▶ _WORK TO COMPLETE_
Without the pictures, print the lines from the one holding "复古法式方领短款衬衫女6.29L79536松紧褶皱修身辣妹泡泡袖上衣夏" through the last line below, both included, exactly as they stand.

Pictures with short captions
-- -- --

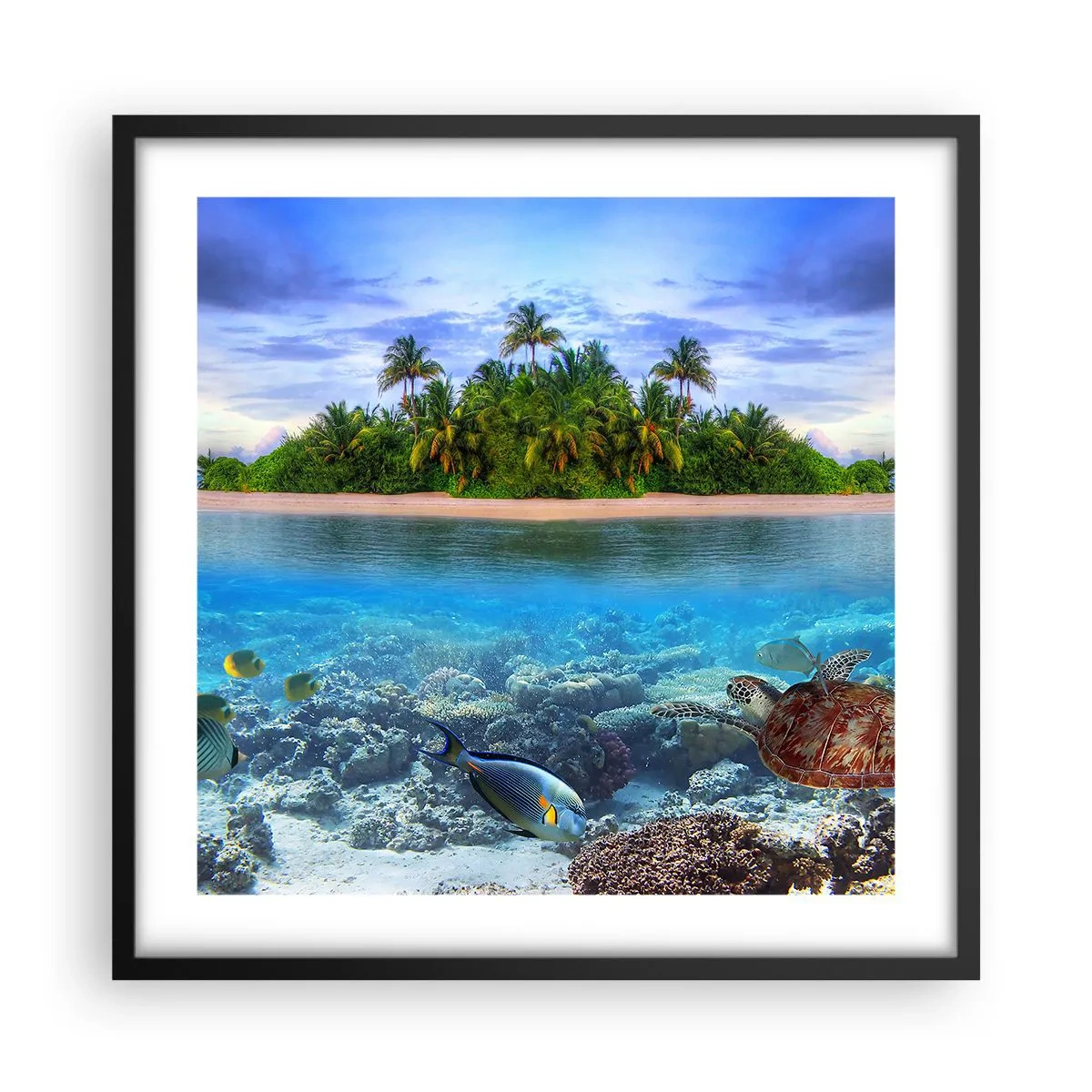 Poster în ramă neagră - Insula paradisiacă vă invită - 50x50 cm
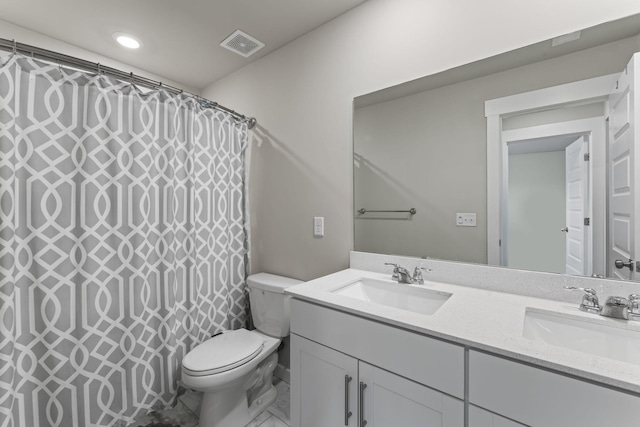 360 Gulfstream Dr, Gallatin, TN 37066 - bathroom featuring double vanity, toilet, a shower with curtain, and recessed lighting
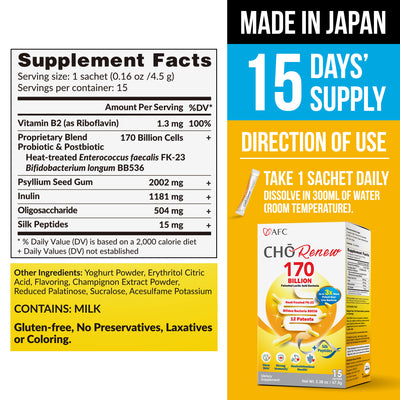 AFC 日本 Cho Renew纤畅整肠素 - 1700 亿专利益生菌 蚕丝肽 - 净肤祛痘，洁净肠道及免疫健康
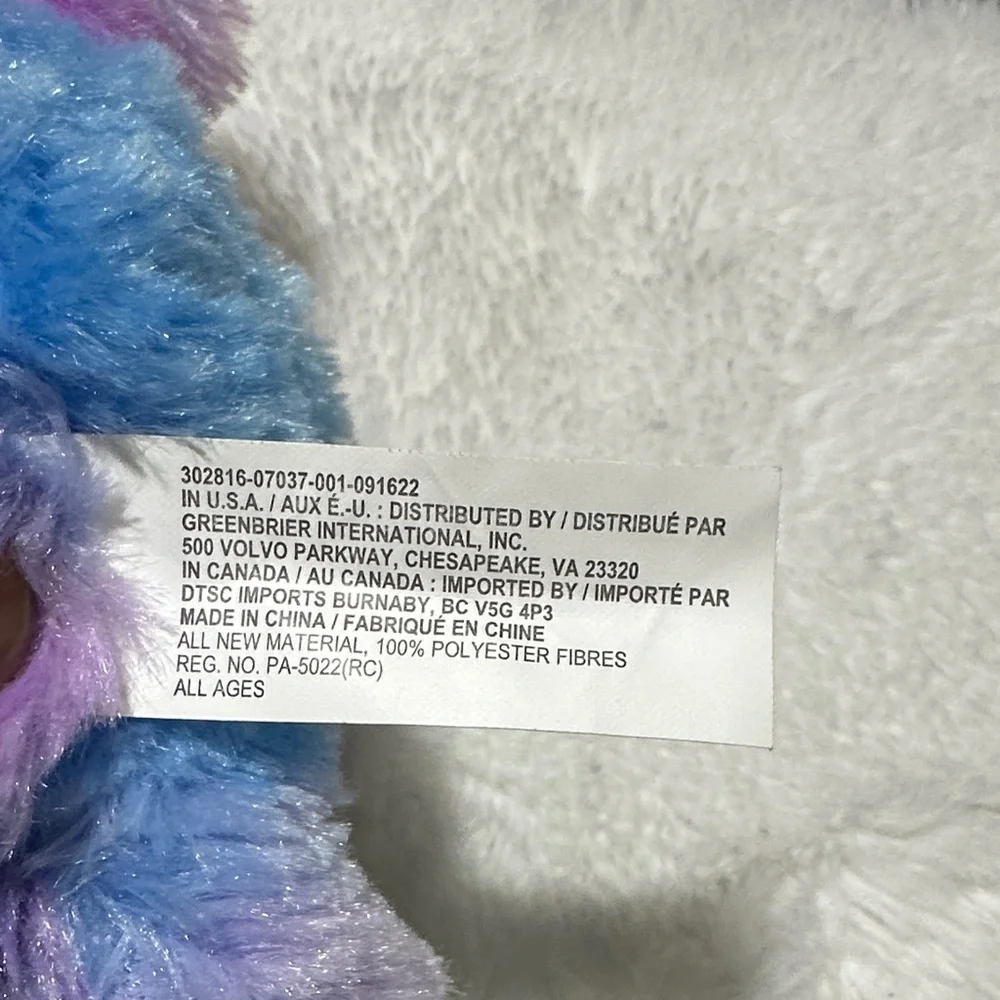Fluffy Pet Bunny Toy - Blue and Purple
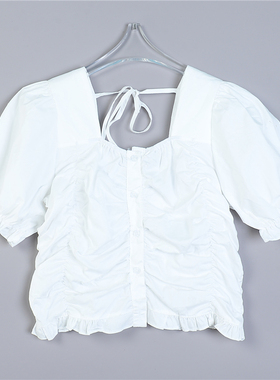 复古法式方领短款衬衫女6.29L79536松紧褶皱修身辣妹泡泡袖上衣夏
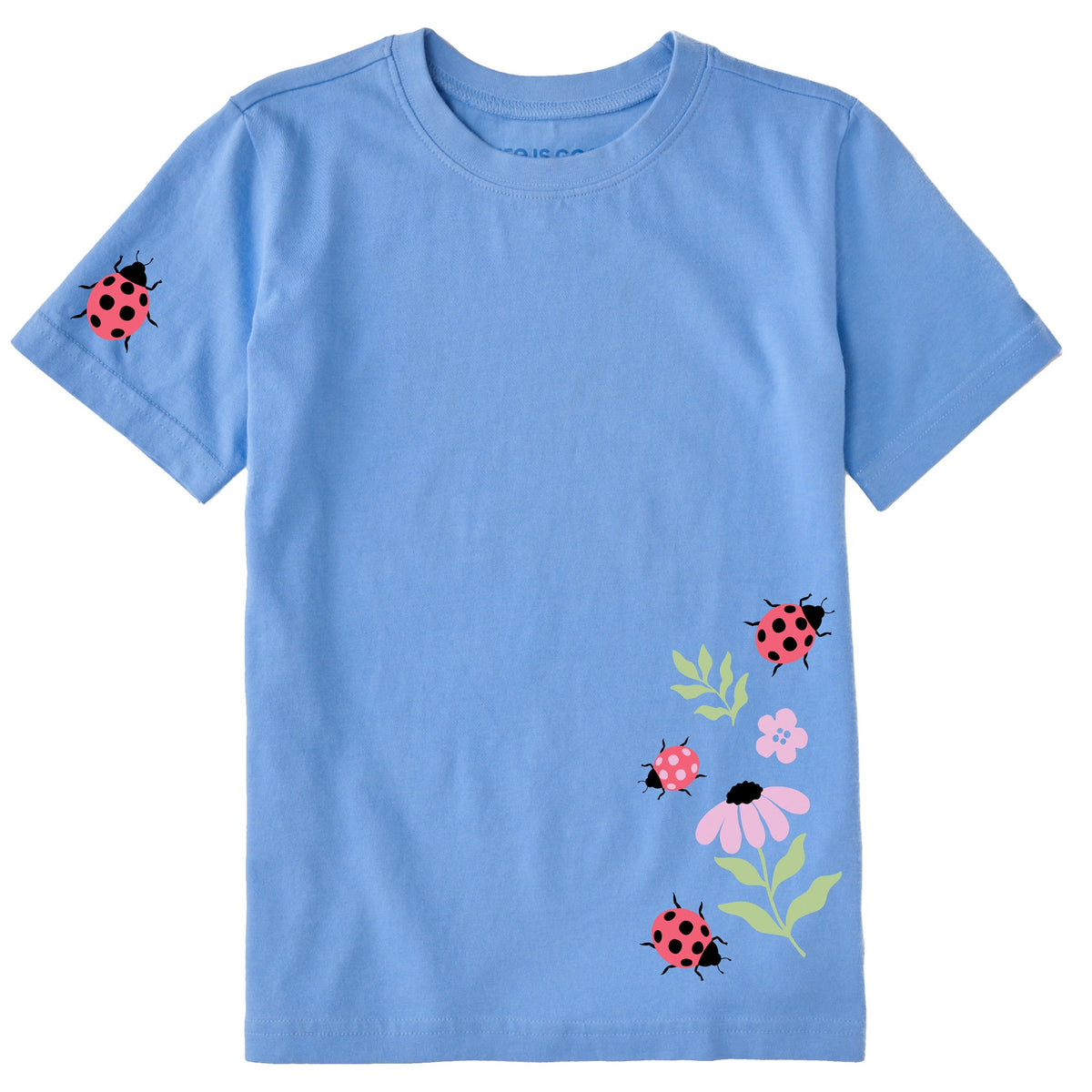 Kids Lady Bugs and Flowers Short Sleeve Crusher Tee
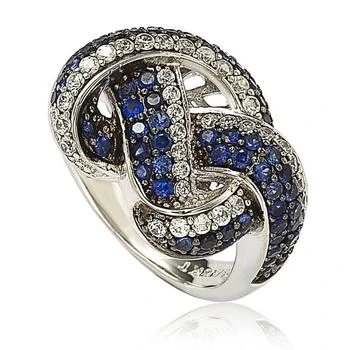Suzy Levian | Suzy Levian Sapphire and Diamond in Sterling Silver and 18K Gold Love Knot Ring,商家Premium Outlets,价格¥1730
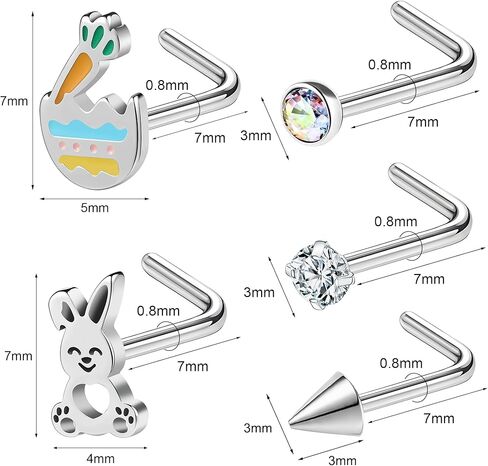 Nose Studs 20g Nose Stud L Shaped Diamond Nose Rings Stud for Women Surgical Steel Nose Rings Nose Screw Nose Piercing Stud Flower Heart Bow knot wing Nostril Jewelry Silver Gold in Kuwait
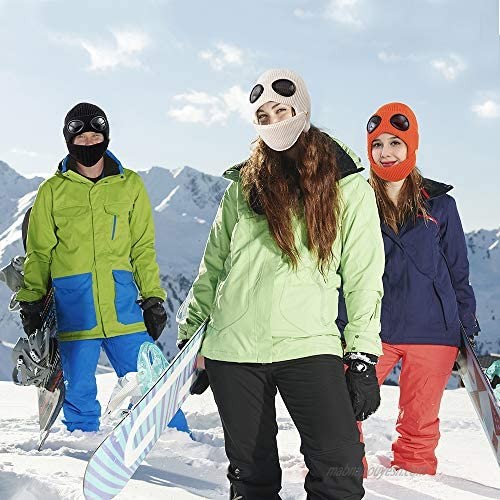 AMHDV Men and Women Winter Warm Thick Knitted Earflaps Beanie Hat Chunky Beanie Hat with Goggles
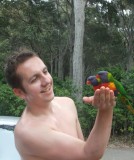 Pebbly Beach - me catching parrots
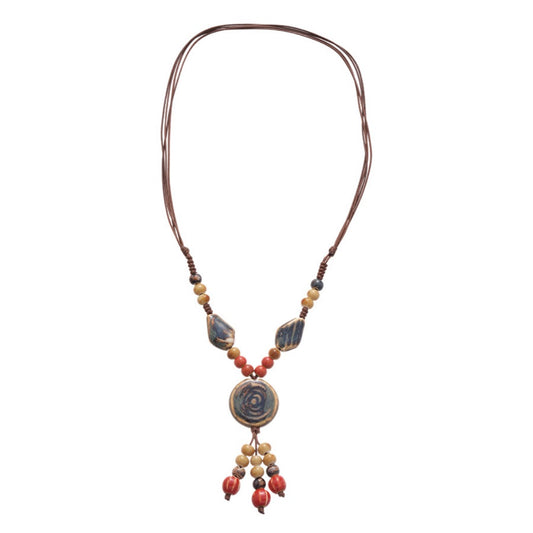 Bauai - Boho Ceramic Bead Fringe Long Necklace - Vintage & Unique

-- -- --

▶ _WRITTEN RESPONSE_
 复古法式方领短款衬衫女6.29L79536松紧褶皱修身辣妹泡泡袖上衣夏
 Kids Lady Bugs and Flowers Short Sleeve Crusher Tee
Suzy Levian | Suzy Levian Sapphire and Diamond in Sterling Silver and 18K Gold Love Knot Ring,商家Premium Outlets,价格¥1730
 Nose Studs 20g Nose Stud L Shaped Diamond Nose Rings Stud for Women Surgical Steel Nose Rings Nose Screw Nose Piercing Stud Flower Heart Bow knot wing Nostril Jewelry Silver Gold in Kuwait
 AMHDV Men and Women Winter Warm Thick Knitted Earflaps Beanie Hat Chunky Beanie Hat with Goggles
 Pebbly Beach - me catching parrots
 Bauai - Boho Ceramic Bead Fringe Long Necklace - Vintage & Unique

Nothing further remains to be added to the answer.